All professionals want to have a career of significance and fulfillment. One that makes them excited to get out of bed in the morning. One that they actually want to spend an estimated 92,000 hours of their lifetime doing. Unfortunately, very few ever reach this work “nirvana” because of fear, complacency, and lack of focus. At the same time, they are working hard towards the wrong goals, such as money, power or fame.
Regardless of where you are in your professional journey, there is one sure-fire way to begin, rekindle, or continue down a path towards a career that will leave you happy and satisfied. Start thinking, obsessing, and acting to help others create a career of significance and fulfillment.
It's simple... Forget about you. Allow yourself to become consumed with helping other people. If you are able to make this leap, leaving your own selfish interest behind in the pursuit to help others achieve, you will become a leader worth following.

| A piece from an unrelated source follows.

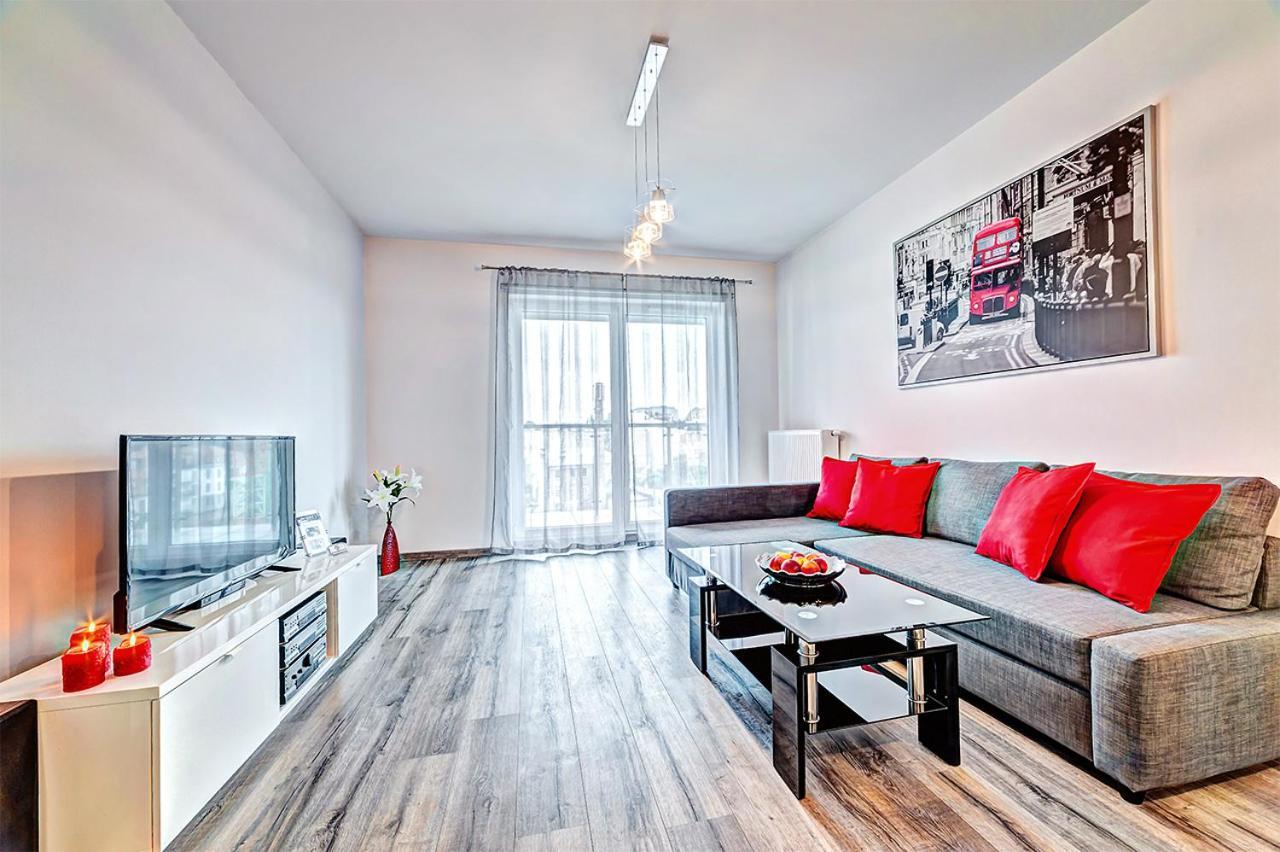 Apartamenty Homely Place Serce Poznania - Stary Rynek - Parking Стая снимка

I’ll make this as easy as possible by giving you a formula to use. Follow this method to help change your behavior and in turn your current status as a leader:
In a recent episode of the Follow My Lead Podcast, Leadership expert and executive coach Scott Cornwell said “If I can pick one characteristic that differentiates leaders across the board, it’s their self awareness.” Having the ability to see yourself as others do is key to a leader’s success. You will begin to realize what your strengths and weaknesses are, which is a great starting point towards being proactive with your actions and intentions.
There are only two ways to observe; open your eyes and close your mouth. This allows us to fully consume our environment, and then thoughtfully begin to add value. So often leaders can forget this simple step, leaving them at a disadvantage. Get out from behind your desk, walk the halls, listen to the conversations, and engage with your team.
All behavior change requires new action. But to truly use your self- awareness and new insight from observing, acting in haste wouldn’t be in your best interest. When you are deliberate in your actions, it makes it possible for your team members to see a commitment of time and energy.
An effective leader must inspire others to do more or be more. A mentor of mine once told me something that I will never forget, “You can’t manage people, because people have a will of their own. You really have to inspire them.” Being intentional about how you inspire your team to achieve and go beyond what they think they are capable of is something you don't want to forget.
The formula may seem altruistic, and possibly counter-intuitive to someone who believes that in order to be a successful leader, you must spend all of your time and efforts on "Number One." But you can’t be a leader without people who are willing to follow you. Focus on you, by focusing on them.